Setelah itu Matahari pun segera bergerak untuk menandatangani kontrak kerjanya. Namun belum sempat ia menandatangani kontrak tersebut, Hanan sudah lebih dulu menarik kertas tersebut.

Matahari hanya bisa pasrah melihat kebiasaan Hanan yang selalu sukses membuat orang emosi dengan mudahnya.

"Apa alasan kamu mau bekerja disini?" Matahari mengerutkan keningnya mendengar pertanyaan tak masuk akal Hanan. Lihat? Hanan itu adalah makhluk paling menyebalkan yang pernah ada.

Entah apa yang sudah terjadi hingga Hanan selaku curiga pada setiap orang yang berurusan dengannya.

"Cari uang? Apalagi?" Tanya Matahari dengan wajah kesalnya. "Saya bukan mata-mata kayak yang Bapak pikir. Saya gak sejago itu buat direkrut orang untuk jadi mata-mata."

Hanan tampak menatap Matahari curiga, sedangkan Matahari hanya bisa menghela napas lelah. "Kalo Bapak nanya kenapa saya bisa tau pertanyaan yang mau Bapak tanyakan, jawabannya karena Bapak juga menanyakan hal yang sama dan sering nuduh saya jadi mata-mata dulu. Jadi Bapak gak usah khawatir, kalo saya emang mata-mata saya udah bocorin soal project besar di sydney dari dulu, cuan saya juga bakal banyak kalo jual info yang itu."

"Tapi yang kamu pegang sekarang itu sekarang itu bahkan jauh lebih besar dari project sydney atau apapun itu." Matahari menghela napas panjang.

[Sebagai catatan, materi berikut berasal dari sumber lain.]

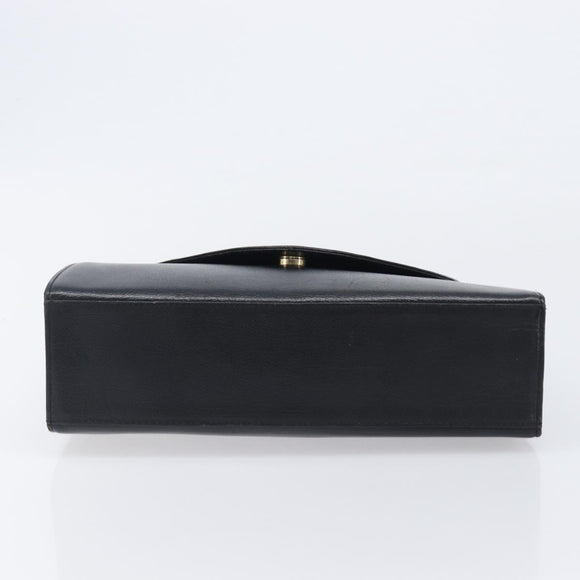Saint Laurent Hand Bag Leather Black Gold Auth 205065A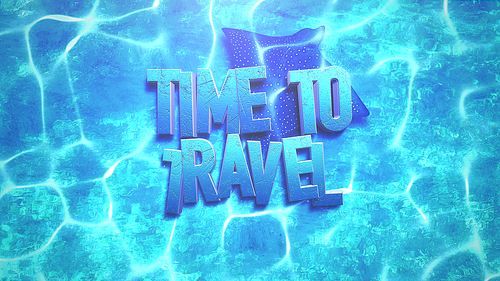 Text Time to Travel and closeup stingray in underwater world, summer background. Elegant and luxury 3D illustration style for advertising and promo theme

"Saya gak butuh duit banyak, saya cuma mau duit yang cukup. Jadi jagain mereka udah cukup buat saya daripada jual informasi yang bisa aja buat saya mati konyol." Balas Matahari sembari menarik kembali kontrak yang ada di tangan Hanan dan menandatanganinya.

"Dan ingat, bos saya itu Bu Ratih. Dan kalo Bu Ratih gak ada di tempat, bos saya itu anak-anak Bapak. Jadi kita gak ada urusan apapun selain ngasih kabar perkembangan soal anak-anak Bapak yang bakal rutin saya kirim setiap harinya. Kalau begitu saya permisi dulu."

Setelah itu Matahari pun bergegas meninggalkan ruangan Hanan sebab ia masih harus mengakrabkan diri dengan Airis.

Dan perihal status Hanan, tampaknya Matahari harus menelan rasa ingin taunya. Lagipula untuk apa ia tau perihal status pernikahan Hanan? Toh, tak ada untungnya juga kan?

"Fokus Matahari, lo cuma mau cari uang. Bukan malah ngurusin idup orang."